Apparently Caniff was a big time patriot, so the commie spies are shown in the worst possible light (well within the propriety of a newspaper strip) as bumbling fools. It being the 50’s, its no surprise we even get a good old capitalist attempt to convert those reds: the kidnapped daughter seems to convince some of the kidnappers that they should take their boat to California and open up a Chinese restaurant on it, cause they’d make lots of money.
Anyway, the story isn’t the most exciting thing about the book. It’s amusing to a point, but nothing spectacular in my opinion. The characters have varying levels of depth, Steve Canyon probably showing the least of the main characters. He seems to be a nice guy who always looks out for everybody. He shows very little emotion and, in this case, does very little except pull some strings in the various bureaucracies involved.
The real star is Caniff’s artwork, or more particularly, his inking. He was clearly a master at putting ink of paper. The Sunday strips are wonderfully printed across two pages of the book allowing for large sized reproductions that really show off the inking. There a number of very dark panels that still maintain a great clarity of representation through the expressivity of the inkwork. The backgrounds and frequent long shots are extremely impressive. For examples, click on the images below for larger samples (warning, the image files are large). That first one is a great example of the way he can put a lot of ink down and still maintain a clear representation. The second is a small action sequence to show you his character drawings.
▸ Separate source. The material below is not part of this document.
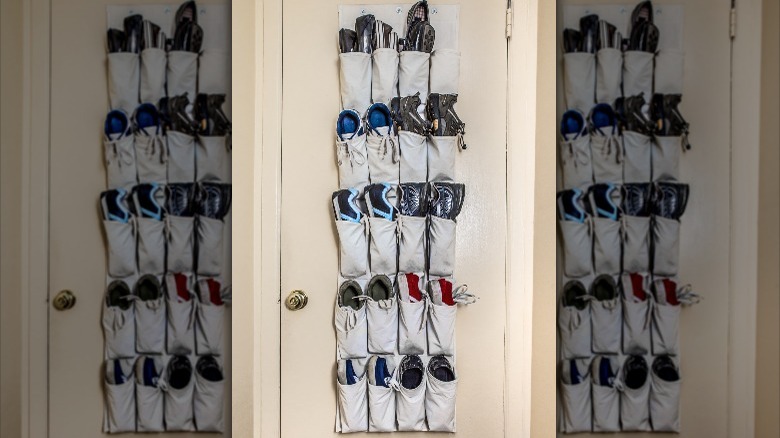 over-the-door shoe organizer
It’s really hard to isolate the pacing of strip when collected in a book. I can’t recreate the experience of seeing one strip at a time. Breaking down a long story into small fairly self-contained actions is a different skill than telling a story across a pamphlet or book. There is no room for any of the slower types of transition from panel-to-panel. No time to linger on an object or a scene, no time to show the slow progression of time or the minutiae of an action. The strips main movements consist of: 1) dialogue, accompanied by compositional changes from panel to panel that were probably done to make the strips more visually exciting; 2) what Neil Cohn calls a “view transition”, for example a shift from two characters talking in a room to a panel of the outside of the building; 3) actions, mostly characters moving around locations; 4) scene changes, jumping us from one character/location to another. Barring the strip-long dialogues this keeps the story moving along at a steady pace.
Repetition is used a lot to keep the strips in comprehensible story units. While it is quite noticeable–we often get to hear someone telling someone else what’s going on, what we just saw in a previous strip–it is done skillfully enough that it doesn’t feel too artificial or boring. I guess that is part of what makes a successful serial strip like this, finding ways to provide plot markers that clue in new readers and remind ongoing readers without wasting space or boring the readers.
If you haven’t read Caniff’s work, I recommend picking up one of these Kitchen Sink volumes if you find one. The size of the reproduction makes it completely worthwhile, and I’m sure there are lessons to be learned from the narrative structure.
If you want a look at where Caniff started, Barnacle Press, a recently started site/blog that’s collecting old newspaper strips, has the first adventure of Caniff’s first strip Terry and the Pirates from 1934. The art is a far cry from the book I read, but it is 20 years earlier.